_Task brief:_ The first line to keep is the one containing "New Container transporter/"; restate it and all lines after it through the end of the material, word for word and nothing else.

Top of Records for the exercise

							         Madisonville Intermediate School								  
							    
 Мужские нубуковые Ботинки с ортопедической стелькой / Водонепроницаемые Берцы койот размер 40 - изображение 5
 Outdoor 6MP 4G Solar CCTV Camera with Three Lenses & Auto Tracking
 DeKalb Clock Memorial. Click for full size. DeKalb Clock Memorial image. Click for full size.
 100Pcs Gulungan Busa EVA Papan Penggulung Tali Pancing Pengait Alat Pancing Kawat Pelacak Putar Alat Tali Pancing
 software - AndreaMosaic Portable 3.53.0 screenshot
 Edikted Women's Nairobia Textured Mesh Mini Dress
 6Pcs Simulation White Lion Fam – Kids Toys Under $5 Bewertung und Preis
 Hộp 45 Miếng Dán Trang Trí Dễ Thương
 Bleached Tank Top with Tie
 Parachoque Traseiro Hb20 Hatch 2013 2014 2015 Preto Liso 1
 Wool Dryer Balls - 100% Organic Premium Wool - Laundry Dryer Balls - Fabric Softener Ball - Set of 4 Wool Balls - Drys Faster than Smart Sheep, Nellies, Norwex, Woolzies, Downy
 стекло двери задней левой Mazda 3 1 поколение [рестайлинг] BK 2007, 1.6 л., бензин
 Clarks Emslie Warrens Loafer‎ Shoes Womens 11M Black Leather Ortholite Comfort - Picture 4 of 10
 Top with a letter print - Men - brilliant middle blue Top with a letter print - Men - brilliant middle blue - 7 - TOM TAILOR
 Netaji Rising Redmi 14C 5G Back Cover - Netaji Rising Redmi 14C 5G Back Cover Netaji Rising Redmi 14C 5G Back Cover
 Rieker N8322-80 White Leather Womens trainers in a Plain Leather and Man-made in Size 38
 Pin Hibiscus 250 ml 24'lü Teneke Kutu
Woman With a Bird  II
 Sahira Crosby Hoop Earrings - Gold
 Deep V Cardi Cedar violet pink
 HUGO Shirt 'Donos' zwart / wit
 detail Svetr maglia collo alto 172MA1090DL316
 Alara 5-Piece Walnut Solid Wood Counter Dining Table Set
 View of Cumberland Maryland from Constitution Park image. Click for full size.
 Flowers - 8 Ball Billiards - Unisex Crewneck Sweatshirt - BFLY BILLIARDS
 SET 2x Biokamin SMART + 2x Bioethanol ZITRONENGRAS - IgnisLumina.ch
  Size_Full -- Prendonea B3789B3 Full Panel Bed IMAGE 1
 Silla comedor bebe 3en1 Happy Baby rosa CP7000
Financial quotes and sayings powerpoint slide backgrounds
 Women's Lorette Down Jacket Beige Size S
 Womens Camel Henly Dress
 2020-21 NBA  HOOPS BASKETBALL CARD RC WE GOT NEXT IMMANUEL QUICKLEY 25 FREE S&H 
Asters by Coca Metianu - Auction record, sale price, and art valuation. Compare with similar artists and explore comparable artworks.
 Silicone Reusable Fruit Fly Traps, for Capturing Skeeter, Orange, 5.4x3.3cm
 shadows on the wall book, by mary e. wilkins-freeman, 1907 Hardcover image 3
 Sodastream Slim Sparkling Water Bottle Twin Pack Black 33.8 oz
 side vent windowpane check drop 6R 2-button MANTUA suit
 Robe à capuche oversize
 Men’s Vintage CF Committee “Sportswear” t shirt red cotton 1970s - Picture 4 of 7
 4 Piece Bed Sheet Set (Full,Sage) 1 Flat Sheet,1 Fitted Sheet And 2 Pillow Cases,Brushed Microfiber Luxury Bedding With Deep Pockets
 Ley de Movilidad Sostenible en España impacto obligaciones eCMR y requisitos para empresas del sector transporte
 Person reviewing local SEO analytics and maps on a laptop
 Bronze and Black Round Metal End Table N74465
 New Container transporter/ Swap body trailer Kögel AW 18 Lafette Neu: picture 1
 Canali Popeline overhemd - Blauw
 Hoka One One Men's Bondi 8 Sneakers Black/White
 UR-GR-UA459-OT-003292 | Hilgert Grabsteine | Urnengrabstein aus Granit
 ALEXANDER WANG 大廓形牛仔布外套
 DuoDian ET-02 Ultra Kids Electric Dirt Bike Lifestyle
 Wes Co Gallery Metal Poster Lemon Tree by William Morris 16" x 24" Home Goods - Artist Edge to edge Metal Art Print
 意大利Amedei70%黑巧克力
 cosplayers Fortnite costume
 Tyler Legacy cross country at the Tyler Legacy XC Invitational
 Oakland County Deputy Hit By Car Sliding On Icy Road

Bottom of Records for the exercise

_Written solution:_
 New Container transporter/ Swap body trailer Kögel AW 18 Lafette Neu: picture 1
 Canali Popeline overhemd - Blauw
 Hoka One One Men's Bondi 8 Sneakers Black/White
 UR-GR-UA459-OT-003292 | Hilgert Grabsteine | Urnengrabstein aus Granit
 ALEXANDER WANG 大廓形牛仔布外套
 DuoDian ET-02 Ultra Kids Electric Dirt Bike Lifestyle
 Wes Co Gallery Metal Poster Lemon Tree by William Morris 16" x 24" Home Goods - Artist Edge to edge Metal Art Print
 意大利Amedei70%黑巧克力
 cosplayers Fortnite costume
 Tyler Legacy cross country at the Tyler Legacy XC Invitational
 Oakland County Deputy Hit By Car Sliding On Icy Road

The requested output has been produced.